As they talked, she said, “I knew instantly that he was just a really good kid who just happened to be stuck in a really hard, bad world.“
What happened next changed Schroff’s life, and Maurice’s. Schroff shares her story in her book, "An Invisible Thread." The story reinforces how one small act of kindness can make an enormous difference, she told the crowd at the Light of Hope event Thursday.
After that fateful day, Schroff and members of her family became mentors for the young boy. Today, he is in his 40s, with a family of his own, and having achieved a degree in theology.
“Without knowing it at the time, I was somewhat like a CASA before I knew what a CASA was,”she said.
Maurice learned important lessons from Schroff. Schroff learned lessons from Maurice, like how love can come in a paper bag. Schroff told how she had offered to prepare lunches for Maurice, who asked her to pack the lunch in a brown paper bag. The kids who brought lunch in a brown paper bag had people who loved and cared about them, he told her.
Schroff became involved in speaking at the event with an invite from Becky Sorensen, a board member for CAPstone. Sorensen saw the author speak at an event in Omaha and began emailing the woman. She asked Schroff if she would speak at the Light of Hope event, and within 24 hours, the engagement was arranged.
The Light of Hope event raises funds each year for CASA and CAPstone, two organizations that focus on helping children in child abuse and neglect cases. Andrea Rein, director of CASA, said the Light of Hope event raised $40,000 and donations are still coming in. Rein said she believes it is among the highest amounts raised during the annual event.
“We are thrilled,” she said. “This year has been really successful.”
Rein said she believes it was a combination of moving the event to the evening and Schroff as a speaker.
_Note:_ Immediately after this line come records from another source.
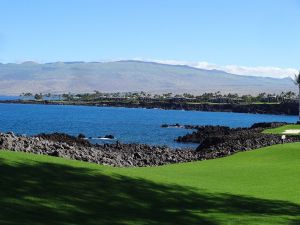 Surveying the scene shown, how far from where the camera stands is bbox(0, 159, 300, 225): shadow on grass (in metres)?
13.8

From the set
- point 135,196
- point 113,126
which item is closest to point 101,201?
point 135,196

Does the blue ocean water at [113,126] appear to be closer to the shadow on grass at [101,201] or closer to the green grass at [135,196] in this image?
the green grass at [135,196]

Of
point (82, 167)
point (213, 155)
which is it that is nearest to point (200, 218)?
point (82, 167)

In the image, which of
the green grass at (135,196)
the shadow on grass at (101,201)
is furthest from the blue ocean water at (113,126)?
the shadow on grass at (101,201)

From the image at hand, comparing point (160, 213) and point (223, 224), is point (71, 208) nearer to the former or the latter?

Everytime Rein went to speak with Schroff, she said people were lined up to talk to the woman and she thought the business after hours event helped people to visit and learn more about the two organizations. The evening event helped draw in people who may not have heard about the two agencies and their work.
“I have never heard so many positive praises,” Rein said. “I think the message got across of the two organizations, but also a positive, renewed feeling about wanting to spread kindness.”
Funds also were raised through a silent auction and the diversion and juvenile assessment center contributed an additional $600 through a bake sale.
“We had different agencies come out in different ways for us and we really appreciate it,” Rein said.
People can still contribute by sending donations to CASA, designated Light of Hope, at 2029 10th St., Gering, NE 69341.
While in Scottsbluff, Schroff also spoke to Scottsbluff High School and Bluffs Middle School students on random acts of kindness. Invisible threads can change people’s lives, Schroff’s message says, and she urges small acts of kindness to act as ripples to change people and gnerations.